GIVEN INFORMATION:
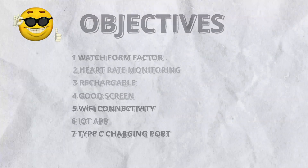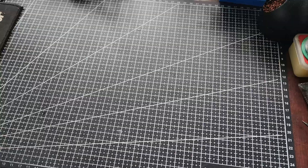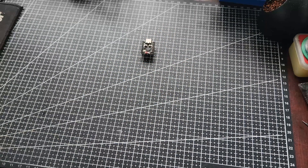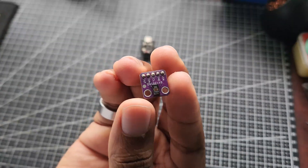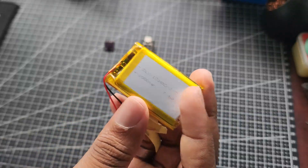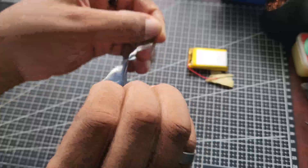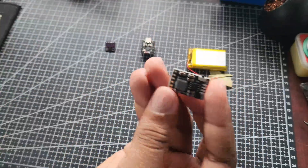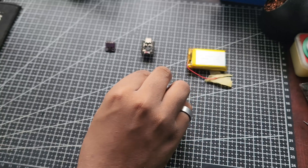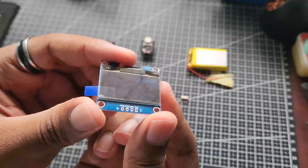With all of this selected, it was pretty easy to settle on the components I needed: an ESP32C3 Super Mini, which is super compact and has Wi-Fi on board; the MAX30102 heart rate sensor; a small LiPo battery; a LiPo battery charge and discharge module, which allows load sharing so you can run the system while the battery charges and provides 5V output; a small switch; and a 1.3-inch OLED display.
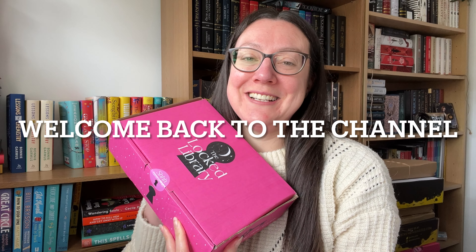Hi everyone, welcome back to Michelle Reads and Vlogs! Today is one of my most anticipated book unboxing videos ever. We have got the June book from the Locked Library and this has the theme Moon Crossed Lovers. This is literally a book that I am dying to read. I've got four or five different copies on pre-order and I've just got into the hype — I'm so excited and I need to read this book as soon as possible.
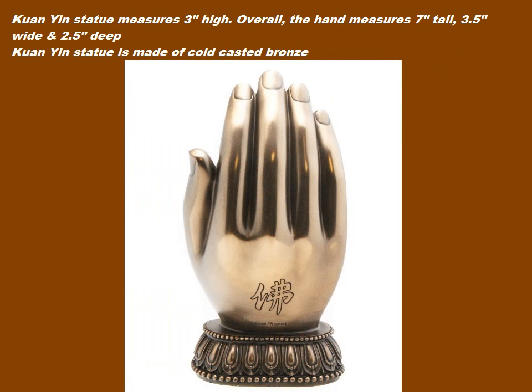The Quan Yin statue measures 3 inches in height. Overall, the hand measures 7 inches tall, 3.5 inches wide, and 2.5 inches deep. The Quan Yin statue is made of cold casted bronze.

WORK REQUIRED: Write the data above out again exactly, minus its pictures.

PROBLEM SOLUTION:
With all of this selected, it was pretty easy to settle on the components I needed: an ESP32C3 Super Mini, which is super compact and has Wi-Fi on board; the MAX30102 heart rate sensor; a small LiPo battery; a LiPo battery charge and discharge module, which allows load sharing so you can run the system while the battery charges and provides 5V output; a small switch; and a 1.3-inch OLED display.
Hi everyone, welcome back to Michelle Reads and Vlogs! Today is one of my most anticipated book unboxing videos ever. We have got the June book from the Locked Library and this has the theme Moon Crossed Lovers. This is literally a book that I am dying to read. I've got four or five different copies on pre-order and I've just got into the hype — I'm so excited and I need to read this book as soon as possible.
The Quan Yin statue measures 3 inches in height. Overall, the hand measures 7 inches tall, 3.5 inches wide, and 2.5 inches deep. The Quan Yin statue is made of cold casted bronze.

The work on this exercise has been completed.